Look below for the line that has "Шишка на спине начала болеть"; output exactly from it through the line that has "Preventing a measles outbreak in Washington", and leave the pictures out.

---+---

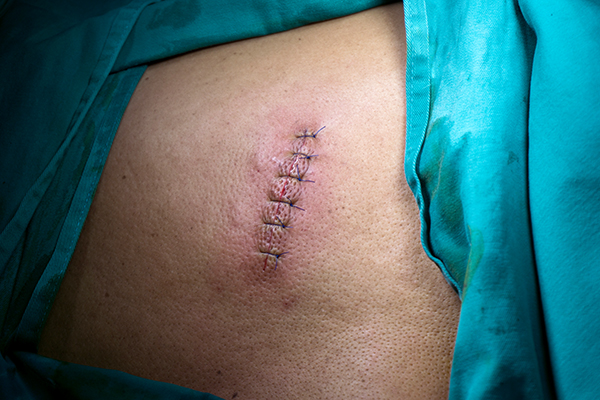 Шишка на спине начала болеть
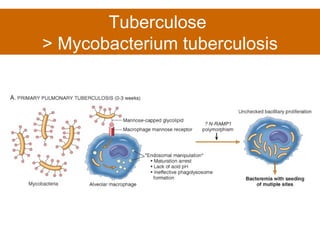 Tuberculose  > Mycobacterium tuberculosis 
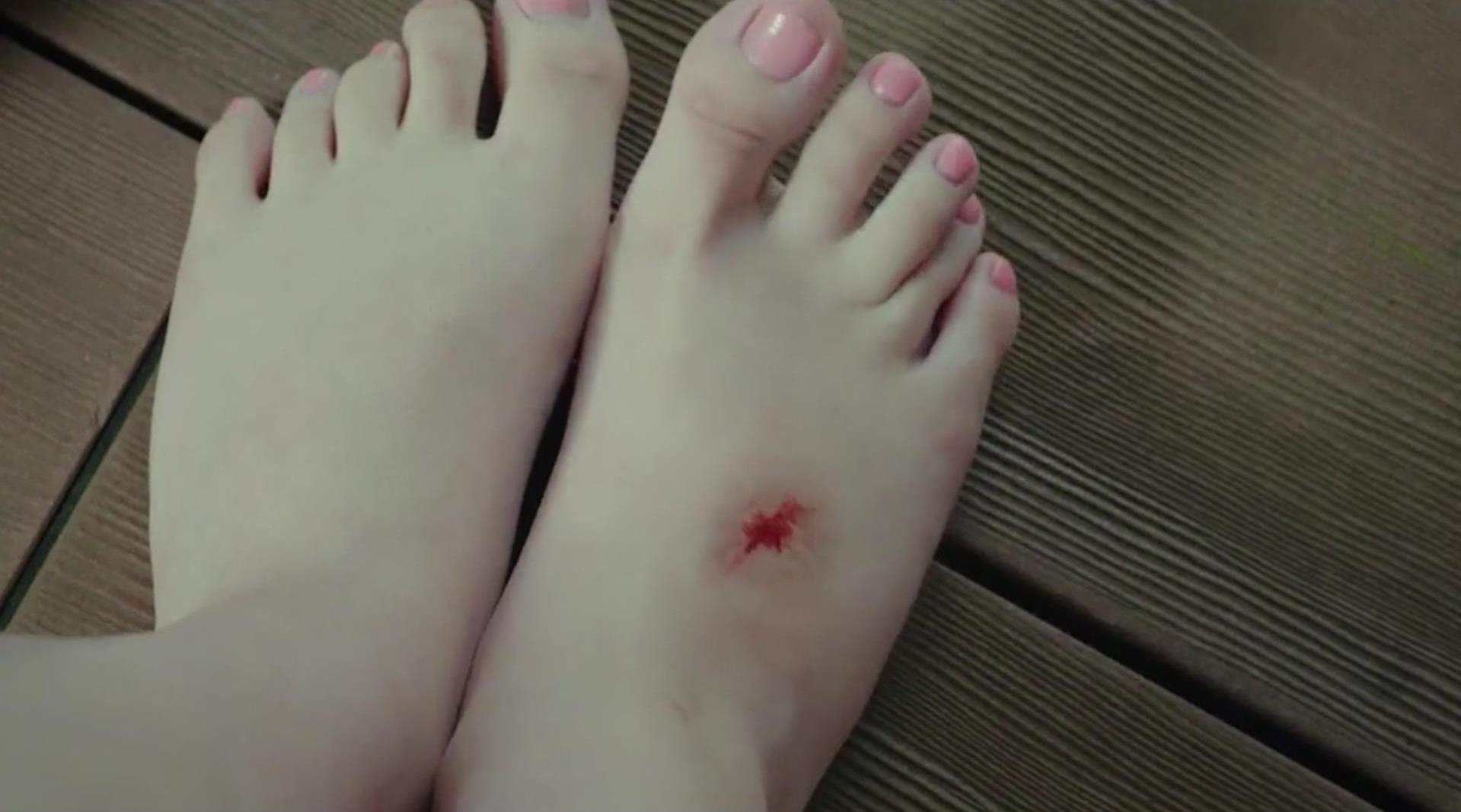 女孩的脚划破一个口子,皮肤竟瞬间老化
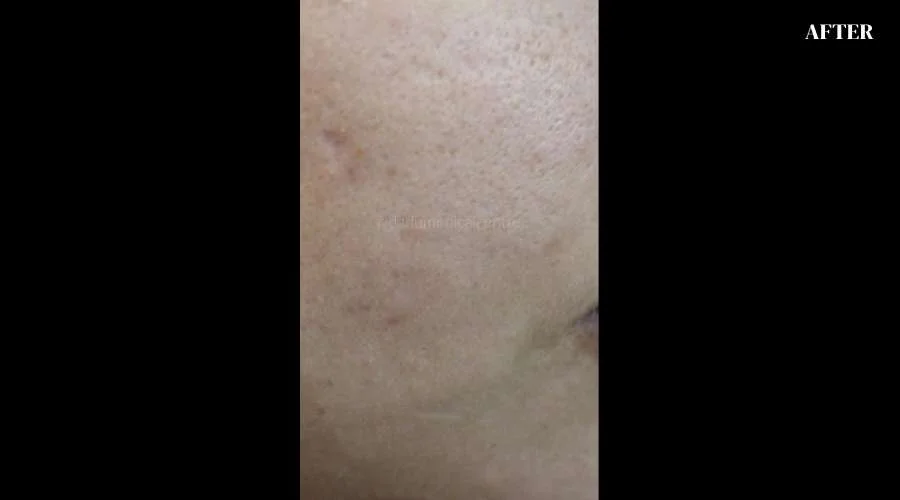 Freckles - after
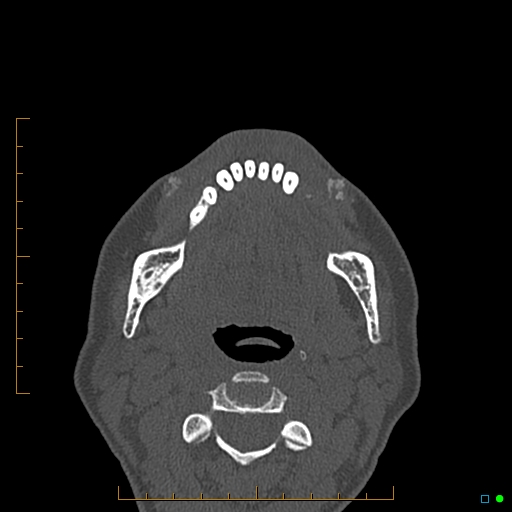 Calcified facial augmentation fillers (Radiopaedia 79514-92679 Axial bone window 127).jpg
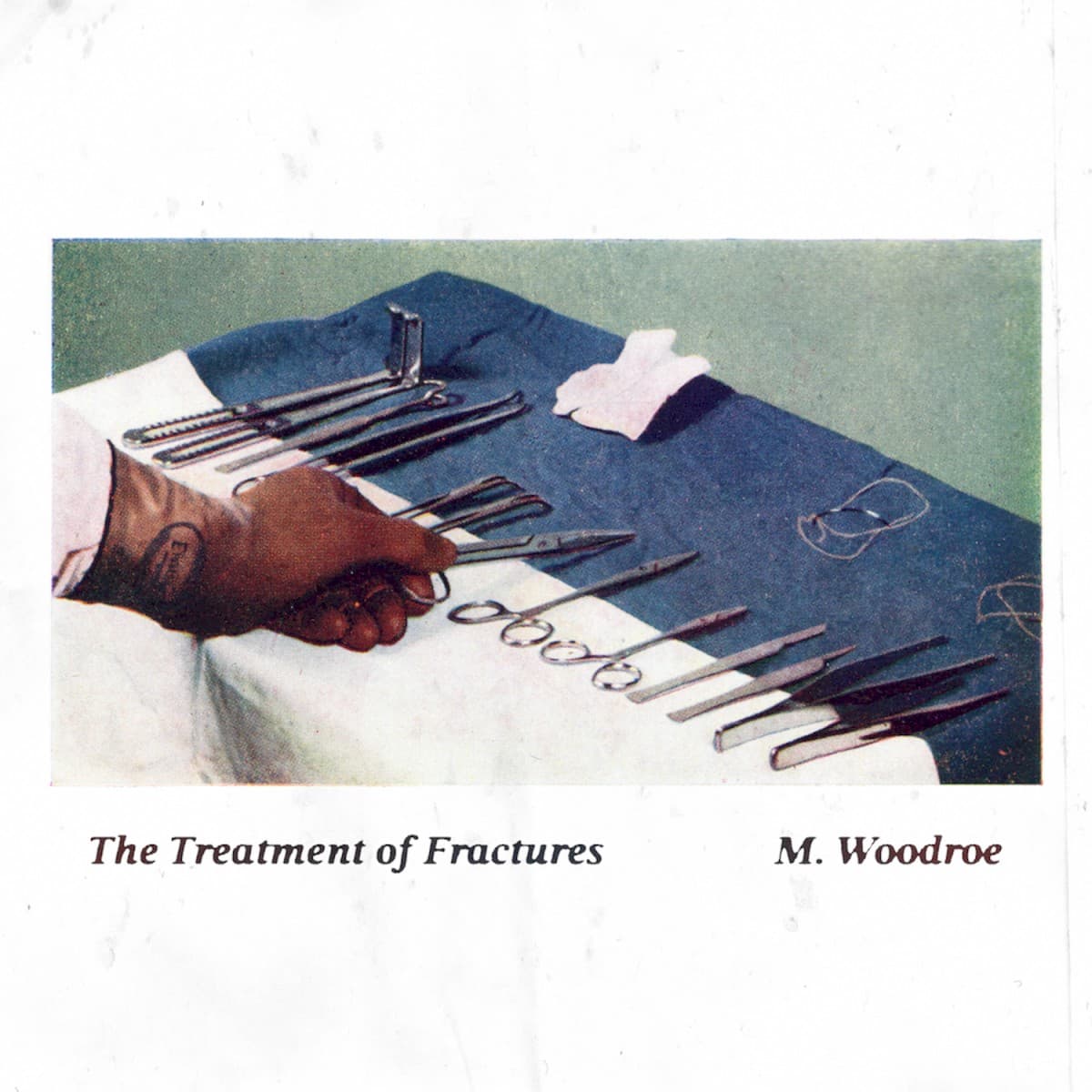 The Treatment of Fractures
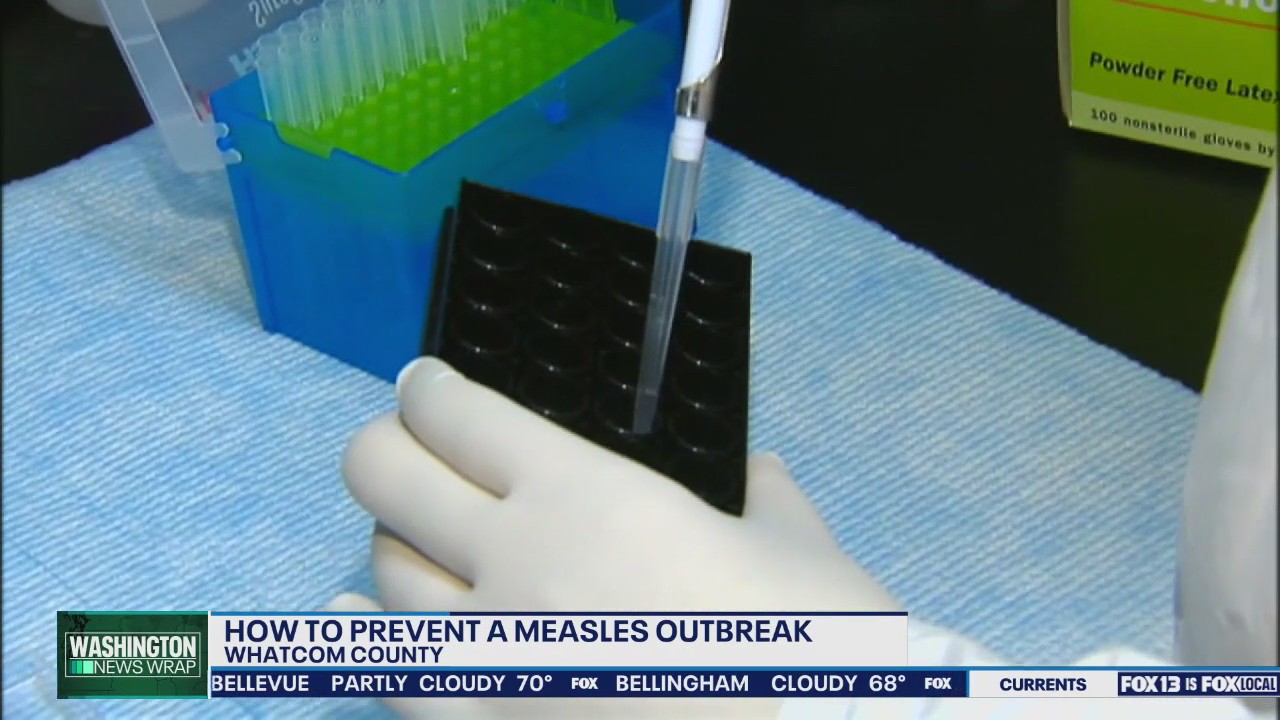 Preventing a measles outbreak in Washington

---+---

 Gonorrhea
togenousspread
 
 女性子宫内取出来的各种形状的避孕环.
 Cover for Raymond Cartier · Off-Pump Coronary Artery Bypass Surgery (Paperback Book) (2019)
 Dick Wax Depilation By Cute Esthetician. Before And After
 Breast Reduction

---+---

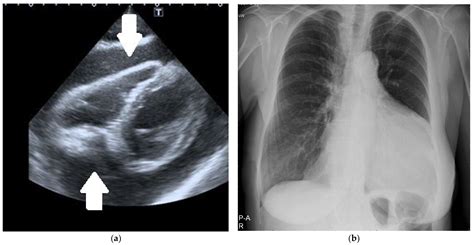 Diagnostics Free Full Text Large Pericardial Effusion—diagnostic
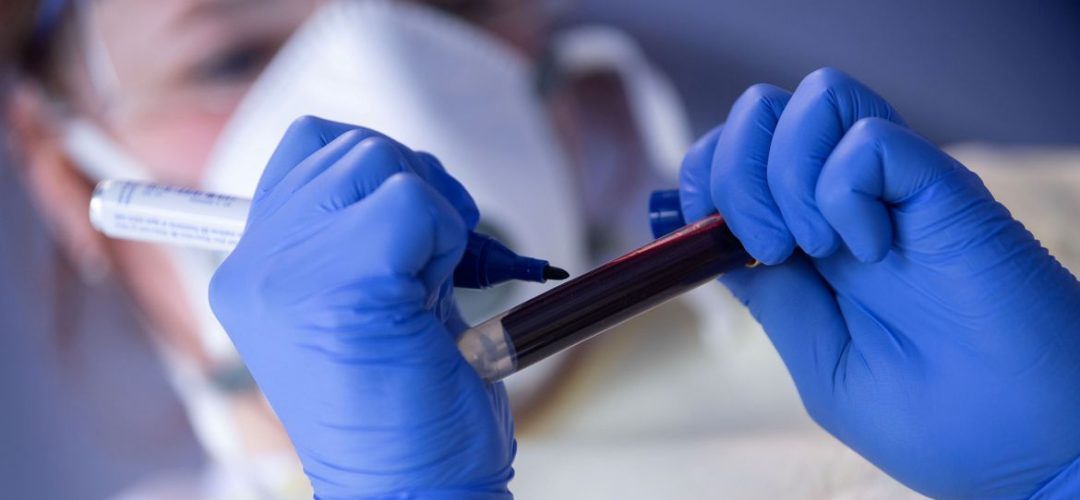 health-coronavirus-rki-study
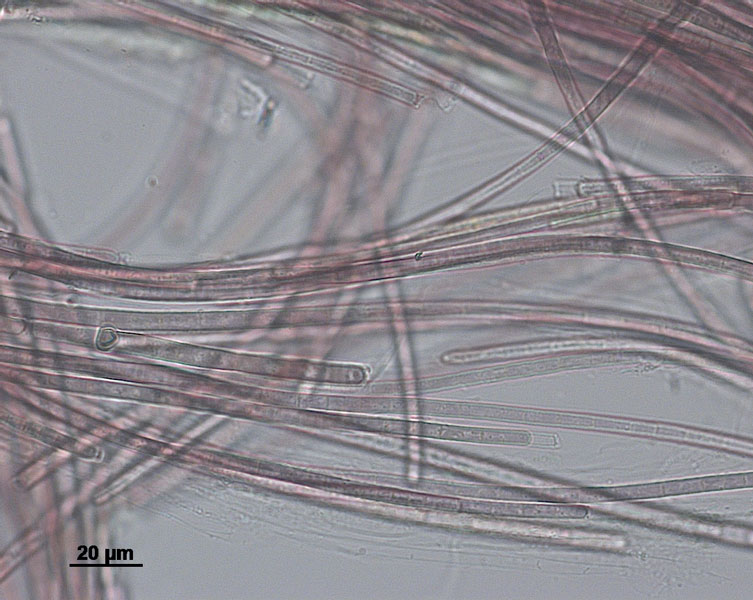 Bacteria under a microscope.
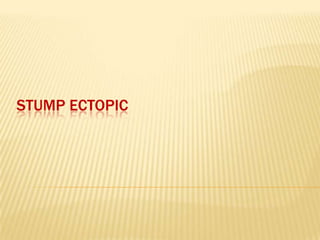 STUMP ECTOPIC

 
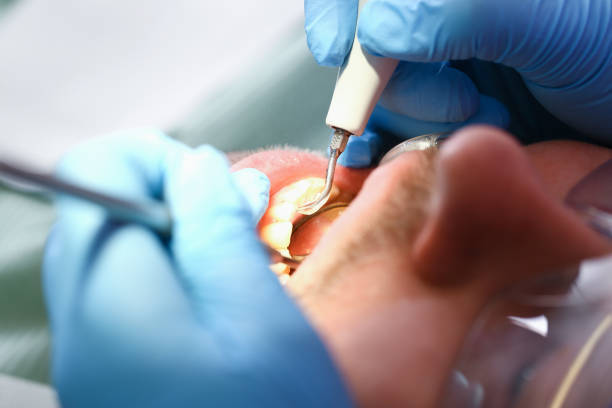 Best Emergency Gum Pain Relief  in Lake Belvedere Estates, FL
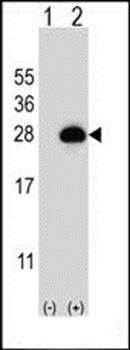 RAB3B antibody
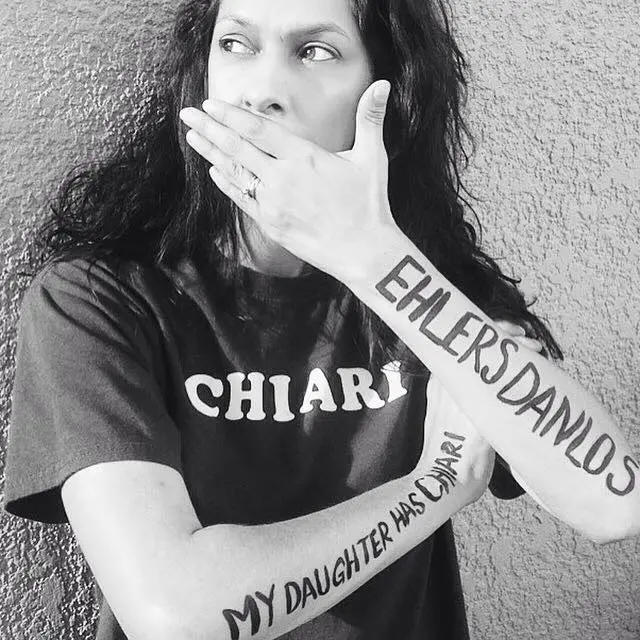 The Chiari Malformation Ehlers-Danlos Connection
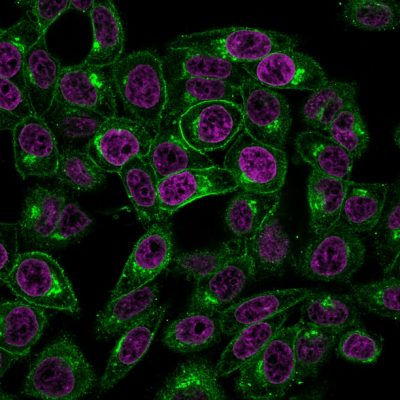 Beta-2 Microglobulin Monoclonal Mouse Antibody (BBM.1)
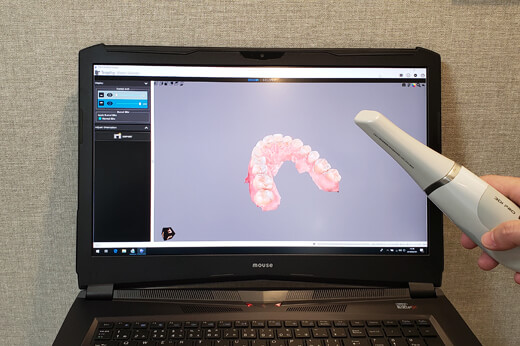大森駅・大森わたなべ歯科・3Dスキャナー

---+---

SOLUTION TO THIS TASK -
 Шишка на спине начала болеть
 Tuberculose  > Mycobacterium tuberculosis 
 女孩的脚划破一个口子,皮肤竟瞬间老化
 Freckles - after
 Calcified facial augmentation fillers (Radiopaedia 79514-92679 Axial bone window 127).jpg
 The Treatment of Fractures
 Preventing a measles outbreak in Washington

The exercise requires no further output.